Europe – « République de Palestine »

L’Union des communautés et institutions palestiniennes en Europe a publié un communiqué officiel dans lequel elle condamne avec la plus grande fermeté la décision des autorités françaises visant le militant palestinien et activiste politique Rami Shaath. L’Union qualifie cette mesure de particulièrement grave, estimant qu’elle traduit une escalade des politiques répressives visant à réduire au silence la voix palestinienne et à criminaliser toute personne dénonçant les violations commises par l’occupation et défendant les droits légitimes du peuple palestinien. Cette réaction intervient après que Rami Shaath a reçu une notification émise par la direction de la sécurité de Nanterre l’informant de l’intention des autorités françaises de procéder à son expulsion du territoire, au motif qu’il représenterait une menace pour l’ordre public français.
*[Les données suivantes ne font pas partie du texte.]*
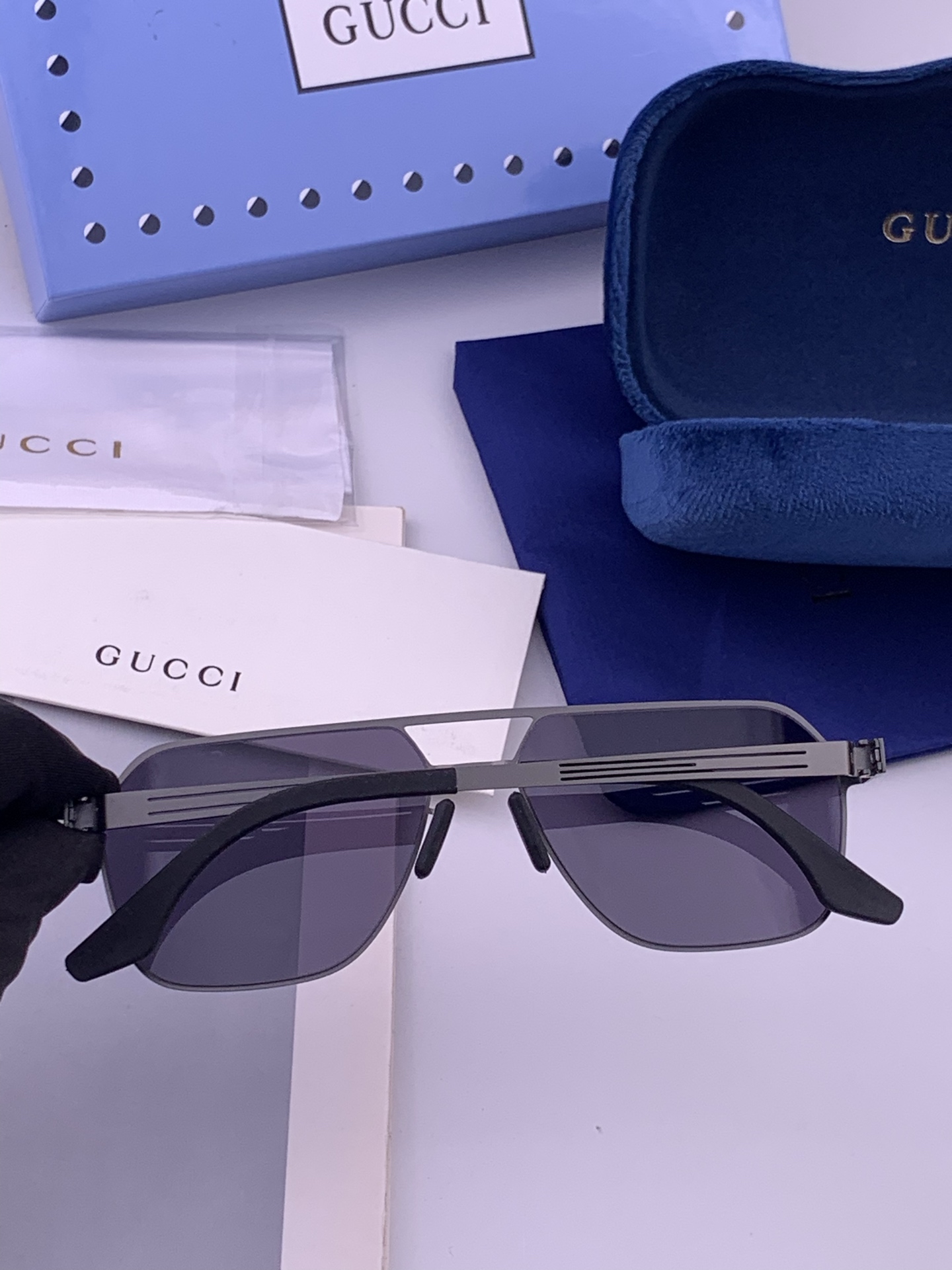 ♦️GUCCI 新款男女情侣款太阳镜多边形墨镜iP电镀永不褪色 超轻超有弹性整幅眼镜无螺丝重要的是压不坏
Dans son communiqué, l’Union affirme que les poursuites et mesures restrictives visant Rami Shaath sont menées sous couvert du droit administratif. Elle souligne que cette procédure intervient après l’impossibilité de mobiliser le droit pénal pour établir la moindre accusation à son encontre. Selon l’Union, cette situation révèle de manière claire une orientation préoccupante consistant à utiliser les dispositifs administratifs comme instruments de répression politique, en contournant les garanties judiciaires et les libertés fondamentales, et en substituant des procédures administratives à une véritable justice équitable.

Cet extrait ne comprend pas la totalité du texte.